Paul M. Brubaker, Jr. RIDS - Intel System Support AT&T Wireless - Harrisburg PA e-mail: paul.brubaker@attws.com office #: 717-526-5011 cell #: 717-578-2254
Paul Brubaker writes:
Question on Raid 4 vs. Raid DP. We just upgraded to Ontap 6.5.1 and the new feature of Raid DP is now present. Our existing volumes created on Ontap 6.4.2 are setup as Raid 4. Is there any "easy" conversion process to change the old Raid 4 volumes to the newer Raid DP config?
It's very easy indeed. Just go:
vol options [vol_name] raidtype raid_dp
ONTAP will then allocate a spare disk for the extra parity disk and start "reconstructing" it.
Converting back is equally easy:
vol options [vol_name] raidtype raid4
and ONTAP will release the "dparity" disk as a spare.
[That's assuming one RAID group in the volume: each RAID group would acquire/release a dparity disk if there were more.]
Any benefits? Advice? Best practices?
Primary benefit, obviously, is that you are protected against the simultaneous loss of two disks within the same RAID group. (Yes, it does work: I've pulled two disks on a test volume and had it survive!)
Primary disadvantages would be the extra disks (but insofar as it allows for larger RAID groups that may not be an issue) and presumably a not entirely negligible write performance penalty. I haven't had a chance to so any serious measuring of the latter yet.

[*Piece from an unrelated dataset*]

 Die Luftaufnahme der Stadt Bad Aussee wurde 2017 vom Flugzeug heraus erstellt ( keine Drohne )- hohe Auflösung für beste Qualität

Chris Thompson Email: cet1@cam.ac.uk
<< Depending on the type of write, performance on RAID DP can be about 2% to 3% slower than that of RAID4.
in http://www.netapp.com/tech_library/3298.html#5.6.
5.6. RAID DP Performance
The performance of RAID DP volumes is comparable to that of RAID4. Read operation performance is exactly the same for each type of RAID group. Depending on the type of write, performance on RAID DP can be about 2% to 3% slower than that of RAID4. The reason for this small performance difference is that an extra write occurs to the second diagonal parity disk on RAID DP volumes. There is no discernable impact to the CPU utilization from running RAID DP versus RAID.
Chris Thompson wrote:
Paul Brubaker writes:
Question on Raid 4 vs. Raid DP. We just upgraded to Ontap 6.5.1 and the new feature of Raid DP is now present. Our existing volumes created on Ontap 6.4.2 are setup as Raid 4. Is there any "easy" conversion process to change the old Raid 4 volumes to the newer Raid DP config?

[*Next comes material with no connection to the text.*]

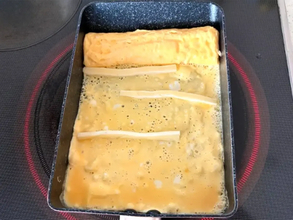 玉子焼きに『10本』入れてみて！　並べるだけで「ひと味違う」「食べ応えがある」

It's very easy indeed. Just go:
vol options [vol_name] raidtype raid_dp
ONTAP will then allocate a spare disk for the extra parity disk and start "reconstructing" it.

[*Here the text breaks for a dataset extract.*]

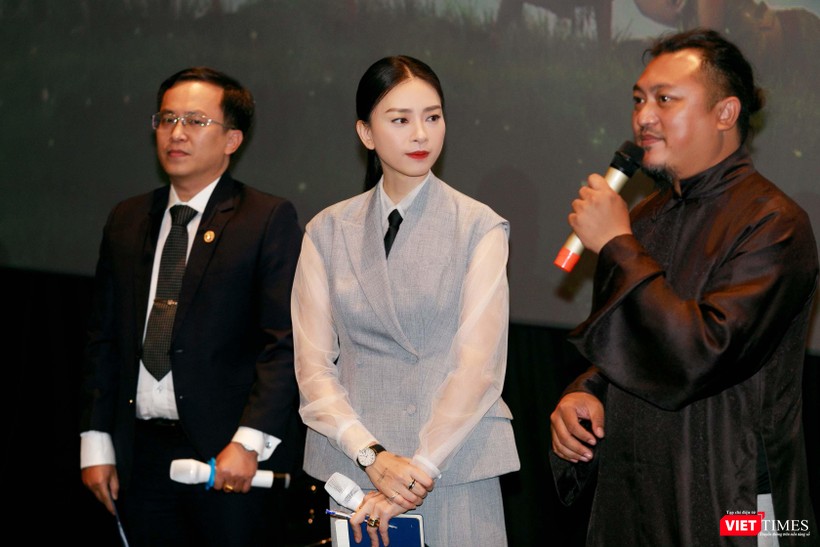 Đạo diễn Phan Gia Nhật Linh và nhà sản xuất Ngô Thanh Vân tại buổi trao đổi với báo chí (Ảnh: ĐPCC)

Converting back is equally easy:
vol options [vol_name] raidtype raid4
and ONTAP will release the "dparity" disk as a spare.
[That's assuming one RAID group in the volume: each RAID group would acquire/release a dparity disk if there were more.]
Any benefits? Advice? Best practices?
Primary benefit, obviously, is that you are protected against the simultaneous loss of two disks within the same RAID group. (Yes, it does work: I've pulled two disks on a test volume and had it survive!)
Primary disadvantages would be the extra disks (but insofar as it allows for larger RAID groups that may not be an issue) and presumably a not entirely negligible write performance penalty. I haven't had a chance to so any serious measuring of the latter yet.